**WHAT TO PRODUCE:** Every line below between the one holding "Juan Antonio Anquela" and the one holding "Hotel Park Residency", inclusive, should be copied exactly, and no other line.

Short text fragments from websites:

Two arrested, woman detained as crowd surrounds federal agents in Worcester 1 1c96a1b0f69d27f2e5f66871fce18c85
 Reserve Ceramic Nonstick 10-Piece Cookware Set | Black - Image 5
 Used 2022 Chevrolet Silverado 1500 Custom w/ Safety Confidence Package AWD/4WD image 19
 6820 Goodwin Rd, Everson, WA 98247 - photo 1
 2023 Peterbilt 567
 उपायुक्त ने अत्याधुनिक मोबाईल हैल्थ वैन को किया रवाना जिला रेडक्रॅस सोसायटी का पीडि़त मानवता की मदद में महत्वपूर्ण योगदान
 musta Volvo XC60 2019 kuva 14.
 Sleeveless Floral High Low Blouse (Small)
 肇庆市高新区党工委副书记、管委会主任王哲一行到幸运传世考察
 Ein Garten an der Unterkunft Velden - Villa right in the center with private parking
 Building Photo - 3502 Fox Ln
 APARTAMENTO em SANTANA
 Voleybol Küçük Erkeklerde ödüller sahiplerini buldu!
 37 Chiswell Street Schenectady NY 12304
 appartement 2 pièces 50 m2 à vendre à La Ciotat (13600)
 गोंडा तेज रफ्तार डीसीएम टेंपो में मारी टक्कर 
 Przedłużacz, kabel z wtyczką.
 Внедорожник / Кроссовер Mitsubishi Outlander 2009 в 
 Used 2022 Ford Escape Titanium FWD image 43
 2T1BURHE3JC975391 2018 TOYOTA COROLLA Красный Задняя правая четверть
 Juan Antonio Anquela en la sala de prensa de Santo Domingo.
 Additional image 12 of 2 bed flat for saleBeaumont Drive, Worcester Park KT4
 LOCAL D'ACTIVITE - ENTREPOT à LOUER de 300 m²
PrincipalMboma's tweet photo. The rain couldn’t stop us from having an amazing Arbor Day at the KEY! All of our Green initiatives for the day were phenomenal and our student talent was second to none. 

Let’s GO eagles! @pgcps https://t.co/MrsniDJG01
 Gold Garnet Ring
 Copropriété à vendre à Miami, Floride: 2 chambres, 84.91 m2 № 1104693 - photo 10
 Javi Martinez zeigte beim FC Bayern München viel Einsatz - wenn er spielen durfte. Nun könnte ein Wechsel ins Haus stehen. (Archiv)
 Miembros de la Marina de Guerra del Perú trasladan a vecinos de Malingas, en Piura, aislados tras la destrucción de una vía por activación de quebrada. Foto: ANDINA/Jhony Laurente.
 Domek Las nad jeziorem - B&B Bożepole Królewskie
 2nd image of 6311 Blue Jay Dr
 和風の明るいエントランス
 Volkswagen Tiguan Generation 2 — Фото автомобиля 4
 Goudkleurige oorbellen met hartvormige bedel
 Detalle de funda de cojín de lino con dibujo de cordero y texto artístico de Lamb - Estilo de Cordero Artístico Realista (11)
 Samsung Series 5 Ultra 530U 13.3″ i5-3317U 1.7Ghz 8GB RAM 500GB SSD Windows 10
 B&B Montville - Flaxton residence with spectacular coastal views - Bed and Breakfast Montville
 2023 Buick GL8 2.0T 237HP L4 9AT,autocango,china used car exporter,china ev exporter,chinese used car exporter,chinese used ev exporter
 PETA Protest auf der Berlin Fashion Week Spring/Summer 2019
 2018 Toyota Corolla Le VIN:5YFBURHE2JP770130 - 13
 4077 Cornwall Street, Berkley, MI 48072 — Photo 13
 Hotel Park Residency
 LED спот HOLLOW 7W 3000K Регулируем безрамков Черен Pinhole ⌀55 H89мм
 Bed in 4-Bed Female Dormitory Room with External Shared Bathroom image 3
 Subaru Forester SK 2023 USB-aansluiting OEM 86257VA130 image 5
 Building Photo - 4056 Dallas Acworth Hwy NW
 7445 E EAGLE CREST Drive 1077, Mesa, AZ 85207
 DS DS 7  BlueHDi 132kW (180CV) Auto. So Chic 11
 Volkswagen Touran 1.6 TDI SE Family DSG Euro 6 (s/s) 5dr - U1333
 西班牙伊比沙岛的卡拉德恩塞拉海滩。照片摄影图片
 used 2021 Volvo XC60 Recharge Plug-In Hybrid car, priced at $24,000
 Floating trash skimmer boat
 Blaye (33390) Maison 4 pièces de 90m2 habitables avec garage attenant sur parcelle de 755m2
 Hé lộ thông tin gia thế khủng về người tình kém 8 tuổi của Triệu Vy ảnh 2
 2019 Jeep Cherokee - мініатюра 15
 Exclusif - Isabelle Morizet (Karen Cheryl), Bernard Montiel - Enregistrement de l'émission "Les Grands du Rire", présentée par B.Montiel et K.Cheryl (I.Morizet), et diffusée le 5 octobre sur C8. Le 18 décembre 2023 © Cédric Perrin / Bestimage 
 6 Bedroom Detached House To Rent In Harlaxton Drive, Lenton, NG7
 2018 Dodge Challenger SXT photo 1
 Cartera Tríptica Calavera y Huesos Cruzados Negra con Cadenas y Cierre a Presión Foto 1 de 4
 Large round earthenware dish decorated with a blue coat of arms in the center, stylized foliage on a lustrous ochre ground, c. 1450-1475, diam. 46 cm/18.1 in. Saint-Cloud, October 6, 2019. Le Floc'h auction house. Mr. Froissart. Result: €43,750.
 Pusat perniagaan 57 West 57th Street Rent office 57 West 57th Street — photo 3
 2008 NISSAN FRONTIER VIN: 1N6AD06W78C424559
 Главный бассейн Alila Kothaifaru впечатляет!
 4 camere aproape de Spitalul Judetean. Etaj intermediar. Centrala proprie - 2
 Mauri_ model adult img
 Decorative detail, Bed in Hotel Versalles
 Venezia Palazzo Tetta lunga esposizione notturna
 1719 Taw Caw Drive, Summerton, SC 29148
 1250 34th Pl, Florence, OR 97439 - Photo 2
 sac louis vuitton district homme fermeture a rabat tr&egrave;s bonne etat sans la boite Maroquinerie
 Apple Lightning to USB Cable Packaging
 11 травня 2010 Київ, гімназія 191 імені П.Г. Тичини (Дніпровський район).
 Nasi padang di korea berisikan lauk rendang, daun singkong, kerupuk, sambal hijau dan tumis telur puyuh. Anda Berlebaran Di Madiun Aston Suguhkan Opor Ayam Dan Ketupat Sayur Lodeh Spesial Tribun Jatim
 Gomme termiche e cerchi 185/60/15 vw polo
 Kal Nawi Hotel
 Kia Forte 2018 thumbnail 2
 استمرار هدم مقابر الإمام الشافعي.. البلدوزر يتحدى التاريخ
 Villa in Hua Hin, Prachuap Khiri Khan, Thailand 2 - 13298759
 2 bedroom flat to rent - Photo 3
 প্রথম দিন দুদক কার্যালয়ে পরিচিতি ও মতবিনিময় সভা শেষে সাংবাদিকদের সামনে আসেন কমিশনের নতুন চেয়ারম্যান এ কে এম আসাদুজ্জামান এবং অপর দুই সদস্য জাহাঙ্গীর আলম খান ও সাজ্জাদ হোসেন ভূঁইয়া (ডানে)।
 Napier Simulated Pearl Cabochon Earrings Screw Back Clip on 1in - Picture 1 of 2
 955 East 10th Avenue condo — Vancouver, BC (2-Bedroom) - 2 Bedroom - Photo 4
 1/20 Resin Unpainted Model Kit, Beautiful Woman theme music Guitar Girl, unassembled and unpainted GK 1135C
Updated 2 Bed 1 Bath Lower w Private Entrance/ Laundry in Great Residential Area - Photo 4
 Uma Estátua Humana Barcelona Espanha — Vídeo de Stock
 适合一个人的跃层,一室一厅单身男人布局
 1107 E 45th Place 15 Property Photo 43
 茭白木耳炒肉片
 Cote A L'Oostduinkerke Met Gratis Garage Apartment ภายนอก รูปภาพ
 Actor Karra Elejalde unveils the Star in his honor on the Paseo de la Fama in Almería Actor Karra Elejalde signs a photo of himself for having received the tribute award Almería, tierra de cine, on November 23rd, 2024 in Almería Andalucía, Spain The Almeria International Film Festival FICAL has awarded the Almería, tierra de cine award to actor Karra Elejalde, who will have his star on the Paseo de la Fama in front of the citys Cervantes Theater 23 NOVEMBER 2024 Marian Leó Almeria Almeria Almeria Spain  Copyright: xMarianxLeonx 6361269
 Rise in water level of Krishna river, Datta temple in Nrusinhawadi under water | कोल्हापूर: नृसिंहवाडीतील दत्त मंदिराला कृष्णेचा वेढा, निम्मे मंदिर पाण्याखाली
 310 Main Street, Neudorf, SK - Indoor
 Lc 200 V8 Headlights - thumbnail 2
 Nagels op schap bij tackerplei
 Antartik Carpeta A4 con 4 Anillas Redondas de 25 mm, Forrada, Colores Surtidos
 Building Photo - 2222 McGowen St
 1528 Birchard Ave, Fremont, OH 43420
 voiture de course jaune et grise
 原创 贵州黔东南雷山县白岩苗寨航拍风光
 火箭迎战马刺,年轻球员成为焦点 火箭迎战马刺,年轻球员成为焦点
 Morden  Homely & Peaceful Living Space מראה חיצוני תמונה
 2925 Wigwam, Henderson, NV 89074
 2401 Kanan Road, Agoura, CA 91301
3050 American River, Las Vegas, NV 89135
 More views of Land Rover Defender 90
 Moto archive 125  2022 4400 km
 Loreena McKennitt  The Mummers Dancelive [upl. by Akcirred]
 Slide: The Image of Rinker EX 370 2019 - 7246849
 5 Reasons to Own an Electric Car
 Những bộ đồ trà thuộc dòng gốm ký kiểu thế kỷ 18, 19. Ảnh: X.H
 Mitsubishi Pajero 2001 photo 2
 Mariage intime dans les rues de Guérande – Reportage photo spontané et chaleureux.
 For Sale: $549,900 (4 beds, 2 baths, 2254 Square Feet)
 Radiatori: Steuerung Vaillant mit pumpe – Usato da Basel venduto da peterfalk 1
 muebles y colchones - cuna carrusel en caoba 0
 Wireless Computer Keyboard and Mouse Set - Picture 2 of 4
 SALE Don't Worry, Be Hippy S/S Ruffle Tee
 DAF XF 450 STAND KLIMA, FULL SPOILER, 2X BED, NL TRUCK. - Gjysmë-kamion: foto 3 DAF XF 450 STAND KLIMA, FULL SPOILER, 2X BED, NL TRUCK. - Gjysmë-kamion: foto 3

**EXERCISE RESPONSE:**
 Juan Antonio Anquela en la sala de prensa de Santo Domingo.
 Additional image 12 of 2 bed flat for saleBeaumont Drive, Worcester Park KT4
 LOCAL D'ACTIVITE - ENTREPOT à LOUER de 300 m²
PrincipalMboma's tweet photo. The rain couldn’t stop us from having an amazing Arbor Day at the KEY! All of our Green initiatives for the day were phenomenal and our student talent was second to none. 

Let’s GO eagles! @pgcps https://t.co/MrsniDJG01
 Gold Garnet Ring
 Copropriété à vendre à Miami, Floride: 2 chambres, 84.91 m2 № 1104693 - photo 10
 Javi Martinez zeigte beim FC Bayern München viel Einsatz - wenn er spielen durfte. Nun könnte ein Wechsel ins Haus stehen. (Archiv)
 Miembros de la Marina de Guerra del Perú trasladan a vecinos de Malingas, en Piura, aislados tras la destrucción de una vía por activación de quebrada. Foto: ANDINA/Jhony Laurente.
 Domek Las nad jeziorem - B&B Bożepole Królewskie
 2nd image of 6311 Blue Jay Dr
 和風の明るいエントランス
 Volkswagen Tiguan Generation 2 — Фото автомобиля 4
 Goudkleurige oorbellen met hartvormige bedel
 Detalle de funda de cojín de lino con dibujo de cordero y texto artístico de Lamb - Estilo de Cordero Artístico Realista (11)
 Samsung Series 5 Ultra 530U 13.3″ i5-3317U 1.7Ghz 8GB RAM 500GB SSD Windows 10
 B&B Montville - Flaxton residence with spectacular coastal views - Bed and Breakfast Montville
 2023 Buick GL8 2.0T 237HP L4 9AT,autocango,china used car exporter,china ev exporter,chinese used car exporter,chinese used ev exporter
 PETA Protest auf der Berlin Fashion Week Spring/Summer 2019
 2018 Toyota Corolla Le VIN:5YFBURHE2JP770130 - 13
 4077 Cornwall Street, Berkley, MI 48072 — Photo 13
 Hotel Park Residency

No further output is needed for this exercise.